Dans Le Monde, l’eurodéputé socialiste français Bernard Poignant a averti que la guerre en Géorgie pourrait constituer « le prélude à une deuxième guerre de Crimée ». Rappelant que l’accord entre Moscou et Kiev pour l’utilisation de la base navale de Sébastopol expire en 2017, M. Poignant a estimé que comme par le passé, Moscou accordera à nouveau des passeports russes à la population locale. Alors, « il suffira aux "citoyens russes" d'appeler au secours leurs frères de Moscou », a-t-il affirmé. « Voilà pourquoi il est urgent pour l'Europe d'anticiper cette situation. […] Sinon il ne lui restera que les yeux pour pleurer ».

Andrew Wilson, expert de la Russie et de l’Europe de l’Est  auprès du European Council on Foreign Relations à Londres, a déclaré que les résultats des négociations de mardi constituaient clairement un pas en avant pour l’Ukraine. Sur la balance, c’est une bonne nouvelle pour l’Ukraine par rapport à la situation d’il y a quatre ans, trois ans ou même trois mois, a-t-il indiqué. A son avis, le problème de ce type de sommet, c’est que les attentes sont souvent grandes.

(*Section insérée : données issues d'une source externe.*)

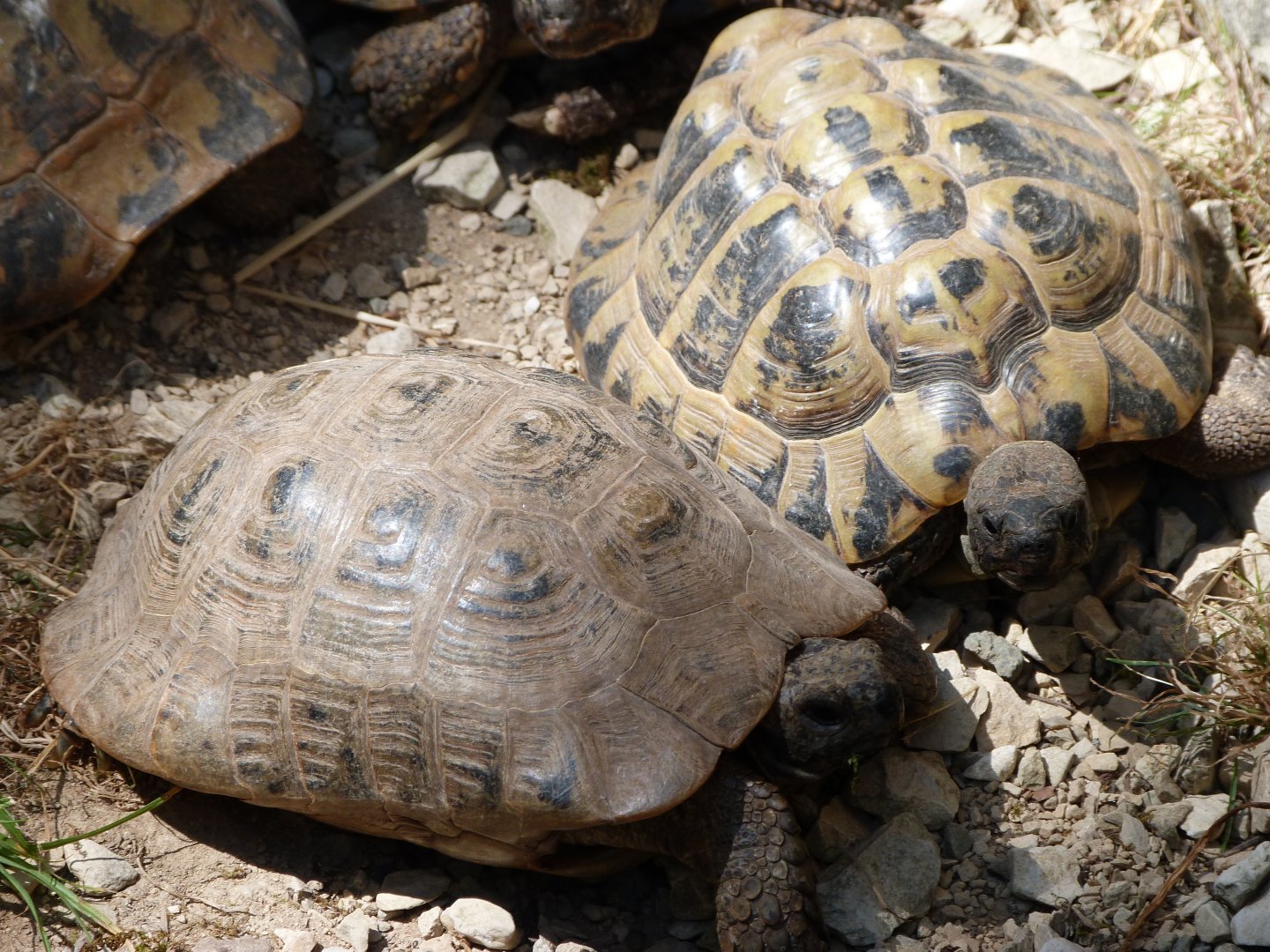 Hermann’s tortoises -Zoodyssée (2025)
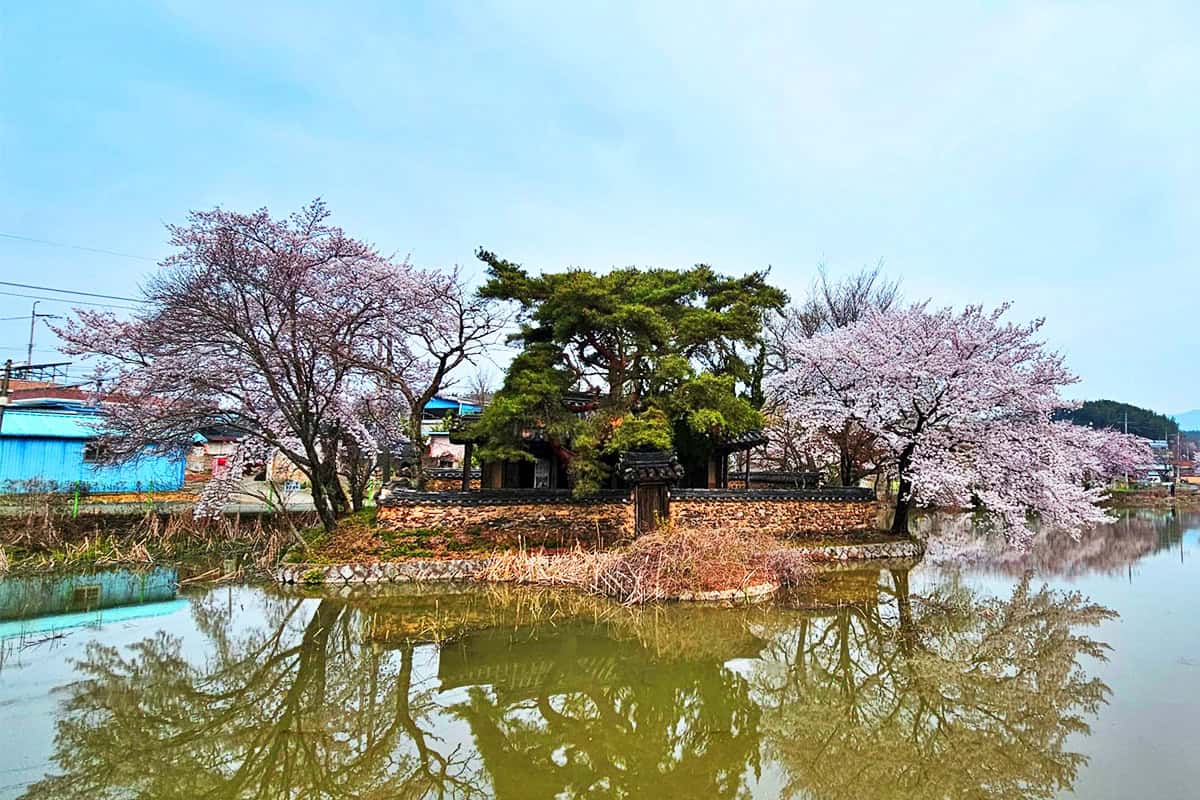 영천 황강저수지 영천 황강저수지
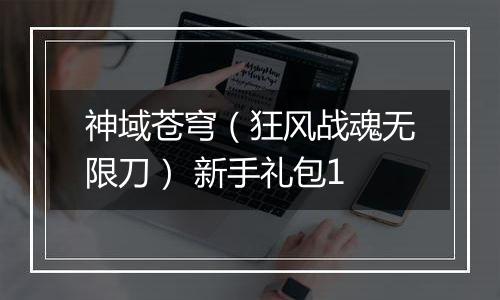 神域苍穹（狂风战魂无限刀） 新手礼包1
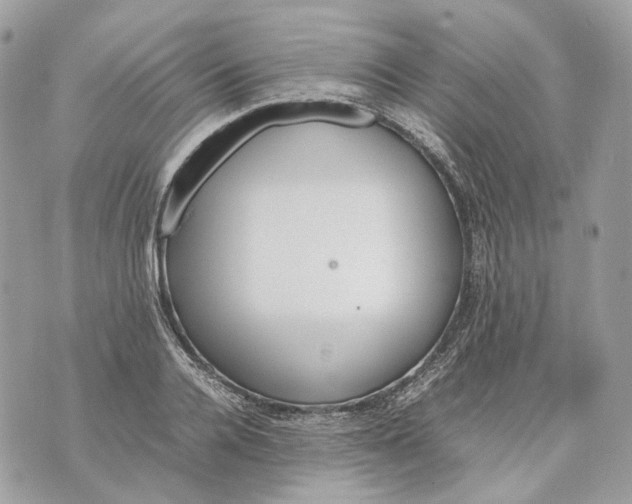 X0000070210936200606161638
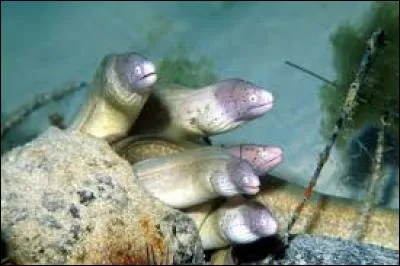 Quelle est la taille maximale d'une murène de n'importe quelle espèce du globe ?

Si les attentes de l’Ukraine étaient élevées, voire trop élevées, le pays a tout de même obtenu beaucoup au regard des résultats pratiques, a-t-il affirmé. 

Graham Watson, leader du groupe de l’Alliance des démocrates et des libéraux au Parlement européen, a salué le signal positif émis par l’UE à ses voisins ukrainiens : « Paradoxalement, les péripéties militaires du premier ministre Vladimir Poutine ont davantage contribué en faveur de la cohésion de la politique extérieure de l'UE qu'un bon nombre de rapports du Conseil auraient pu le réaliser. Il a réveillé les démons de l'ancienne ère soviétique et a poussé beaucoup d'anciens Etats satellites soviétiques à chercher refuge et stabilité dans le cadre de l'Union européenne », a-t-il déclaré.

L’Ukraine, un pays de 46 millions d’habitants situé entre l’UE et la Russie, avait espéré que l’assaut militaire russe en Géorgie le mois dernier – ainsi que l’annexion de facto du territoire géorgien – inciterait l’UE à ouvrir ses portes à l’Ukraine.

Avec ses gazoducs, l’Ukraine constitue un passage énergétique essentiel pour l’Europe. Le pays est donc considéré comme crucial pour l’objectif à long terme de l’UE de garantir son approvisionnement en énergie.

Kiev se prépare à adhérer à l’UE d’ici 2020. Même la population pro-russe de l’est du pays n’est pas opposée à rejoindre l’Union. Cependant les Ukrainiens restent divisés sur l’adhésion à l’OTAN, pour laquelle le président Iouchtchenko a fait pression.

L’OTAN a récemment retardé une décision sur l’ouverture de ses portes à l’Ukraine et à la Géorgie. L’entrée de ces pays dans l’alliance serait considérée par Moscou comme la dernière provocation menée par les Etats-Unis dans les zones périphériques de la Russie (EURACTIV 02/04/08). De nombreux Ukrainiens craignent que Moscou ne convoite la péninsule ukrainienne de Crimée, sur la mer Noire. Cette péninsule très stratégique, dont la majorité des habitants est d’origine russe, abrite également une base navale russe dans le port de Sébastopol.